-- The problem --
The reply should contain the full listing exactly as written and no pictures at all.

──────── Provided entries

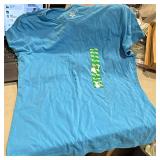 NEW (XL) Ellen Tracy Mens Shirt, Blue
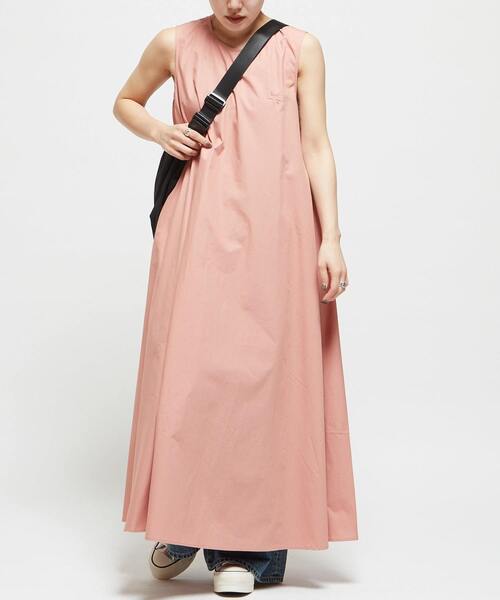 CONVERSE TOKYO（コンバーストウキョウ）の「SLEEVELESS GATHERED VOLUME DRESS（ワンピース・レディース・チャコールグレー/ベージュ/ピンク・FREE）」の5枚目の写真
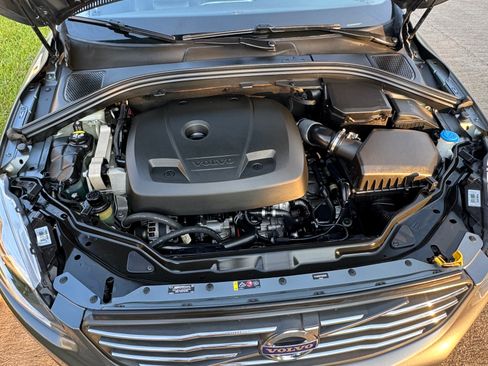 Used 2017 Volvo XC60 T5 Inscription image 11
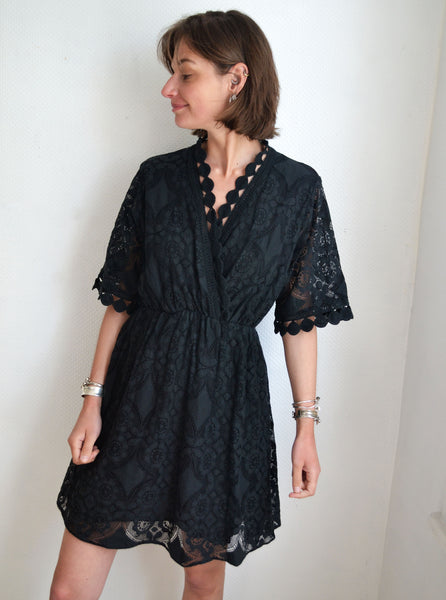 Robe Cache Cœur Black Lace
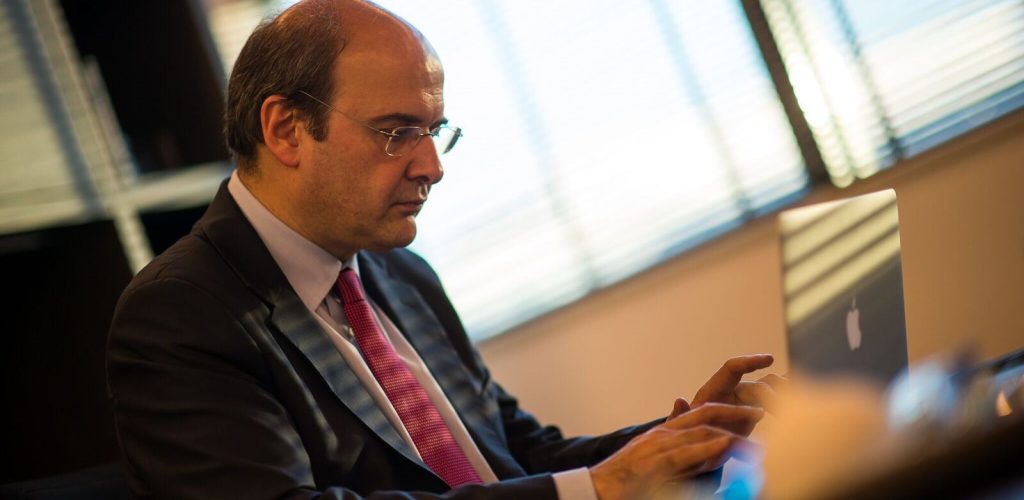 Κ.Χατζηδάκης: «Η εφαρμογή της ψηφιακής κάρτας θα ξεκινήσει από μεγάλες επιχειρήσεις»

────────────────

-- Finished exercise --
 NEW (XL) Ellen Tracy Mens Shirt, Blue
 CONVERSE TOKYO（コンバーストウキョウ）の「SLEEVELESS GATHERED VOLUME DRESS（ワンピース・レディース・チャコールグレー/ベージュ/ピンク・FREE）」の5枚目の写真
 Used 2017 Volvo XC60 T5 Inscription image 11
 Robe Cache Cœur Black Lace
 Κ.Χατζηδάκης: «Η εφαρμογή της ψηφιακής κάρτας θα ξεκινήσει από μεγάλες επιχειρήσεις»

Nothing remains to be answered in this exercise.